1. Increased severity of angina

People who have had coronary heart disease before the onset of myocardial infarction will increase the frequency of angina pectoris. The amount of activity that induces angina pectoris will lower the threshold, and even angina pectoris will appear at rest or at night. This indicates that the plaque is unstable. Be wary of myocardial infarction and go to the hospital as soon as possible. If the treatment is not done in time, it is possible to cause myocardial infarction at any time because the plaque ruptures and forms a thrombus. People who have never had coronary heart disease should pay special attention to the first episode of angina.


2. Other pain

Some patients may present with atypical chest pain, which is mostly found in people with advanced age, diabetic patients, women, cognitive decline, etc., or shoulder pain, back pain, upper abdominal pain, toothache, etc., which need to be combined with the patient’s past Judging the condition of the disease and distinguishing it from angina.

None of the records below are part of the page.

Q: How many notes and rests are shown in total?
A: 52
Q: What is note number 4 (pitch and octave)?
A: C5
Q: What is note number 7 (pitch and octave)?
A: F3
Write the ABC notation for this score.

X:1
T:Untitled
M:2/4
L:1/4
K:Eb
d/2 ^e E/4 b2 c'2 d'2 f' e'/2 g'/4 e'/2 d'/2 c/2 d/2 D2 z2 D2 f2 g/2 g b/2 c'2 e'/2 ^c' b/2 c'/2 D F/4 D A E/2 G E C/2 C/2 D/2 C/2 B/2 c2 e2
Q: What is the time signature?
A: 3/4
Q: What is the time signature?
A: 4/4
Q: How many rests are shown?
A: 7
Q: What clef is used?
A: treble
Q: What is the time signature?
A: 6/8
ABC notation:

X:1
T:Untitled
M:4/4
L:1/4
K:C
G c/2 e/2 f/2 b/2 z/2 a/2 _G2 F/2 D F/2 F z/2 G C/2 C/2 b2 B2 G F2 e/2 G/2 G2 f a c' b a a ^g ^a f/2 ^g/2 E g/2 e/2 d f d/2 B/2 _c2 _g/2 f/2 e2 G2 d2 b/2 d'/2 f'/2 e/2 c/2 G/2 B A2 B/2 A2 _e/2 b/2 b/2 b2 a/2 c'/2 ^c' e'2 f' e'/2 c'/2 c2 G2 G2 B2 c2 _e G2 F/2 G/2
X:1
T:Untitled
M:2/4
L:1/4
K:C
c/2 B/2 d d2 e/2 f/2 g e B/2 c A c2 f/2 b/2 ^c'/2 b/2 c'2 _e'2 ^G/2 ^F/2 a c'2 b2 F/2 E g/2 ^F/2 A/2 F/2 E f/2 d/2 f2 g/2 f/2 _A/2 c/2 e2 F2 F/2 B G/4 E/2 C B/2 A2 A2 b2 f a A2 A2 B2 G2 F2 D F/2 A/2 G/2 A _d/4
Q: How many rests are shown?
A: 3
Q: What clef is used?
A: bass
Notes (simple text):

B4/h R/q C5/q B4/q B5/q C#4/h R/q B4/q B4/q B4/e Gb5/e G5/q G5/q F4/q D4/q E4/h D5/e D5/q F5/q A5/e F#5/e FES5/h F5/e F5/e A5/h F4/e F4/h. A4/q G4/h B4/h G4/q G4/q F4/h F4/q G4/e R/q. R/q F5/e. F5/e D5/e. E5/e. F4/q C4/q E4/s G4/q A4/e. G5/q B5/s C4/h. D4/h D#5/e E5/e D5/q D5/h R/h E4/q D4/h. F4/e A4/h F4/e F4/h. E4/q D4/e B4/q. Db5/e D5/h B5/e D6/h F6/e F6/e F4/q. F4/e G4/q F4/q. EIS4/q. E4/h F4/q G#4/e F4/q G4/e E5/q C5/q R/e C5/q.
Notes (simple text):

(1) Stomach pain or upper abdominal pain

Patients who are obese, suffer from three highs and do not usually have upper abdominal discomfort, should be highly vigilant if they have stomach pain. Coronary heart disease, angina pectoris, or acute myocardial infarction sometimes manifests as a burning sensation in the stomach.

(2) Toothache

Usually about 3 minutes will pass, if it is periodontitis, it will not be so short. Toothache when tired, toothache when angry, or toothache worsens after fatigue or excitement, all may be a sign of myocardial infarction. May recur within 1 week. This kind of pain often involves multiple teeth, and can be accompanied by cold sweats, shoulder pain, etc. It is more common in women. Toothache, especially for high-risk groups, must first rule out myocardial ischemia.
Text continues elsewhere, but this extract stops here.